━━ INFORMATION SHOWN

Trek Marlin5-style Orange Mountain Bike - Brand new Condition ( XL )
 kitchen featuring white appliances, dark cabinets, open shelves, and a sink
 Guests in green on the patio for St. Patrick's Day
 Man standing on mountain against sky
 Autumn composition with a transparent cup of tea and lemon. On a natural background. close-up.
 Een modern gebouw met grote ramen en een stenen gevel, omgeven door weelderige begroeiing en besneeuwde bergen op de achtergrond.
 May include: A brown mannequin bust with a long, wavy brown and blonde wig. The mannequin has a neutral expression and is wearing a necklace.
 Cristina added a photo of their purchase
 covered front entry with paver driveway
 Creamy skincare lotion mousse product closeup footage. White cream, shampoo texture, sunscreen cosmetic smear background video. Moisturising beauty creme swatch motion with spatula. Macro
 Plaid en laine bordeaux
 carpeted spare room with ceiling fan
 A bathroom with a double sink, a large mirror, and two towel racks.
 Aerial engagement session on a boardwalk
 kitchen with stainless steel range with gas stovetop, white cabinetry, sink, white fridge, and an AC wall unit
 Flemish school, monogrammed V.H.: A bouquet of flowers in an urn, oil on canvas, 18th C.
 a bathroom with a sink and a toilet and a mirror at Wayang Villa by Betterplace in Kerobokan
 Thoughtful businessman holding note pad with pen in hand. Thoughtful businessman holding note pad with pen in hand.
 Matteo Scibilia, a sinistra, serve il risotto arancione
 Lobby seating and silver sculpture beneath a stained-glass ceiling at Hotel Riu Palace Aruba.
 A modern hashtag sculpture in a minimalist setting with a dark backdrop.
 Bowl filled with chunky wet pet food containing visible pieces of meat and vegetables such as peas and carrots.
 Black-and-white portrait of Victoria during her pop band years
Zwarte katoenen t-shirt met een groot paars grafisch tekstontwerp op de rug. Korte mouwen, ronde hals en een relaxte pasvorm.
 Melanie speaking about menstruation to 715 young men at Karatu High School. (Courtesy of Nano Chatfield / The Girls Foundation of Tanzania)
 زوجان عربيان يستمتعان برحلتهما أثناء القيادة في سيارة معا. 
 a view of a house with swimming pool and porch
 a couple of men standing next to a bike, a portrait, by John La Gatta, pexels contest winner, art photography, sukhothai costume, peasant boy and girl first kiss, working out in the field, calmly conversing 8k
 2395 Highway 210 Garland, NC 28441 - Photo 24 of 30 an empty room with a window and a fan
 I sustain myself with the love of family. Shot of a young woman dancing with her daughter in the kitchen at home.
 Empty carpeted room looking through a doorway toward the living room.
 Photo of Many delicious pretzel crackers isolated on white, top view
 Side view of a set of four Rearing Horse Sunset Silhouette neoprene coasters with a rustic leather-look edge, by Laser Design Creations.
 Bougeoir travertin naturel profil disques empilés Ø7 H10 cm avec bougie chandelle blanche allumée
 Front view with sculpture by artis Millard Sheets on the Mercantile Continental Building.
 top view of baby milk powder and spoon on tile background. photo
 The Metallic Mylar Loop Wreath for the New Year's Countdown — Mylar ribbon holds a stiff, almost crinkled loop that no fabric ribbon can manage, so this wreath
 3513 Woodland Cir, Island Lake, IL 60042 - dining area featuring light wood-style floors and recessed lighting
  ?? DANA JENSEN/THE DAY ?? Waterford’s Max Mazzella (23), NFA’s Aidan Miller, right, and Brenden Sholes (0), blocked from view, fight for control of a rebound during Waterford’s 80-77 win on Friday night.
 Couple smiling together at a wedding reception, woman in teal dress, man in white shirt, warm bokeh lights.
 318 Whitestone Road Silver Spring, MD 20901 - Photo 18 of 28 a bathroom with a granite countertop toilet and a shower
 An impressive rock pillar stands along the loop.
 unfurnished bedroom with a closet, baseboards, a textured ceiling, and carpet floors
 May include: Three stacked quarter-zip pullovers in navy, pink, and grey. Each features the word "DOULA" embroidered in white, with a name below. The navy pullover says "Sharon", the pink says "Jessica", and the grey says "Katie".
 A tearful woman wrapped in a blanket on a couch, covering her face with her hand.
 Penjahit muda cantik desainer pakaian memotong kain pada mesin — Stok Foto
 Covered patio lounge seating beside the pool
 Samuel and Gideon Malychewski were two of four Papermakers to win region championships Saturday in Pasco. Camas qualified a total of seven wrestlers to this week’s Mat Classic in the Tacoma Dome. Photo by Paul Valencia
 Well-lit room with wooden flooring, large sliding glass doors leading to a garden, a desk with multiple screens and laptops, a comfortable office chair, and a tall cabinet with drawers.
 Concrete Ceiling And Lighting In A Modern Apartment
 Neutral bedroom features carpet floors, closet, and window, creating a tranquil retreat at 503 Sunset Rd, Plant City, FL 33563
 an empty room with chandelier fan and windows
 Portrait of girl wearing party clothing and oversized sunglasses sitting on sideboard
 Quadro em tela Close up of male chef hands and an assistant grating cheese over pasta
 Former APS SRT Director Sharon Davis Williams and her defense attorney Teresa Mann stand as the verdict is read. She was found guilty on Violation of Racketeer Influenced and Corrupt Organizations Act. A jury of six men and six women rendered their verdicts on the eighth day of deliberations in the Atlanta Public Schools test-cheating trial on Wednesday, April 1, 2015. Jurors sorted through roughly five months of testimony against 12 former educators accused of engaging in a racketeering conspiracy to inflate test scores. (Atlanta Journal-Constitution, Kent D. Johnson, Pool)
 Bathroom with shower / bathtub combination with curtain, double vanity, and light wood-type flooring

━━━━

Match on "double" and copy out every line of the entries that contains it.

> [COMPLETED EXERCISE]:
 A bathroom with a double sink, a large mirror, and two towel racks.
 Bathroom with shower / bathtub combination with curtain, double vanity, and light wood-type flooring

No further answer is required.